Sunday, March 11, 2012

Machine as other than Other

The following is a section form a talk I'm doing at the Digital Capital symposium at Johns Hopkins Tuesday-Wednesday 13-14 March 2012. Speakers include Wendy Hiu Kyong Chun, P{aul Goodrich and Paul Vanouze: worth tuning in to the live stream at

The paper begins and ends riffing on the previous post about the Kelly Gang

The ethical question, whether boring and stressful, repetitive work should be done at all, even by machines, then concerns how we conceptualise the labour condensed into the design of our technologies. The Western industrial tradition has lost its grasp on the dead, whose accumulated knowledge and skills is massed and condensed into our tools. Where traditional societies reverence and dialogue with the ancestors who gave them the techniques they use today, the techno-rationalist approach of capital, reverencing nothing but the pursuit of profit, crams the ancestors into the black boxes of our 'intelligent' machines. Technology is where the West keeps its ancestors, and the question then concerns how right it is to enslave the dead, even after they have passed on, in the service not of the living but of the mechanism of capital. The question is more than hypothetical, because it is a synecdoche of the idea of freedom: the possibility of an autonomous machinic phylum is today not only the pars pro toto of any larger autonomy but the Levinasian ground on which we might confront, in the autonomy of our technologies and therefore their claims upon us, the very possibility of our own freedom.

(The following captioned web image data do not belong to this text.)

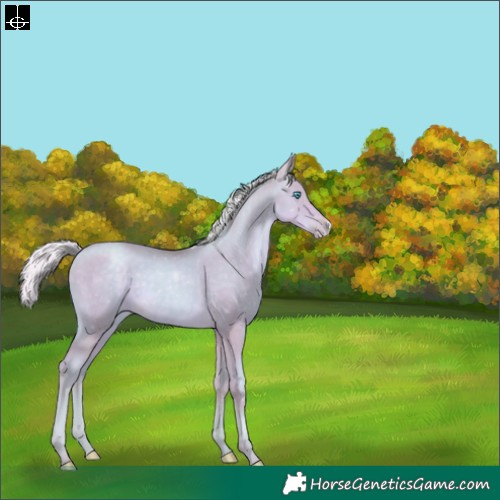 Horse Color:Watercolor Silver Smoky Black Pearl Sabino 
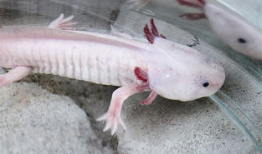 娃娃鱼的哭声视频播放,神秘生物的哀鸣之谜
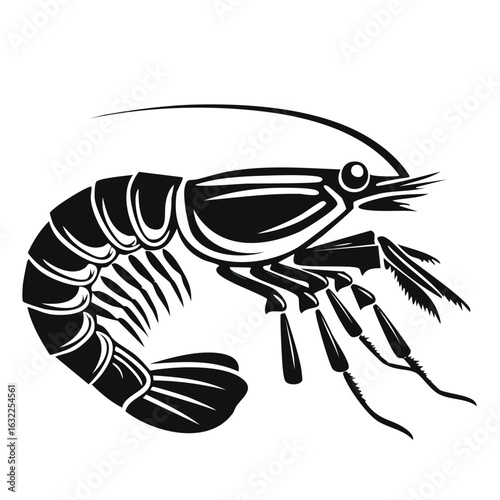 Clean black and white vector illustration of a shrimp, detailed stylized marine animal graphic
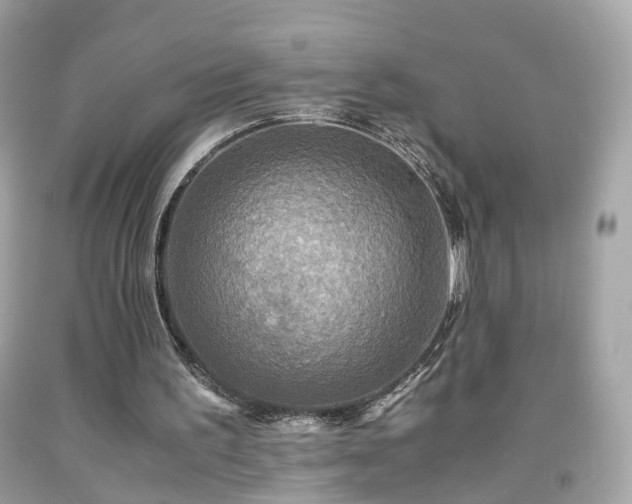 X0000091960195200709131234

After all, as Marx is at pains to demonstrate, workers found themselves subjected to the technologies in which were concretised their own skills, and forced to work to the pace dictated by the factory, alienated and oppressed through the medium of the labours of the past congealed in the machines they served. Today, if we work not to the clock but the key-stroke, nonetheless, and perhaps to a greater degree than in the last century, our time is accounted for in relationships mediated through and accounted by machines in which the communicative skills of our ancestors have been encased. The embedding of the human past in technologies should make them our allies: instead we confront them as slaves, in the sweatshops of the global South, or as masters in the global software and finance industries which, it could be argued, are only the first to adopt the new servitude of artificial life and intelligence. A new question then emerges, which we can call the Levinas question: do our constructions (a) of the parameters of a-lifes, and (b) of the systems we use to visualise them and their functioning, act as screens in the sense of folding screens or room dividers, to hide rather than open onto an Other or other way of being? Do our relationships, as either servants or masters, to machines never open us up to the infinite demand of the Other that would come from a face-to-face encounter with the ancestral dead? Are we, in that case, ethically impoverished by our constriction of this Other as other-than-Other, as that which places no demand upon us?

1 comment:

Carl Looper said...

What is programmed into a machine is not our forebears as such, but their formulas, which are designed by them as such (as machines) in the first place. The digital computer can be regarded as an instrument particularly suited to enacting those formulas. For example, there are formulas for music that Mozart wrote, which have been programmed into a computer. See Now there is a joke that goes, if you had to decide between Platos Republic and Newtons Optics, which would be saved (in a Sophies Choice). Which would you choose? Most scientists would answer Newtons Optics, but the answer, for them, is actually Platos Republic, because Newtons Optics can always be reconstituted from a studying the physical world again (and re-deriving the formulas) but Plato's Republic, being "philosophy", can't be. I'm not exactly sure where I'm going with this. It is the intent of a formula writer to write a machine. But the work is not completed until the formula is in use. As a software developer I write formulas. But those formulas are not complete until they are enacted. And formulas also undergo evolution. They are not dead. Indeed one learns from an enactment how the formula might be better rewritten. And that goes on indefinitely. There is nothing death-like or eternal-like about this activity. Now, in contrast, there are "forms" of knowledge that simply do not lend themselves to being transformed into a formula. They exist, instead, as uncompressed, so to speak. The computer is not really the instrument of such knowledge. It is the hard-drive which is the instrument of that knowledge.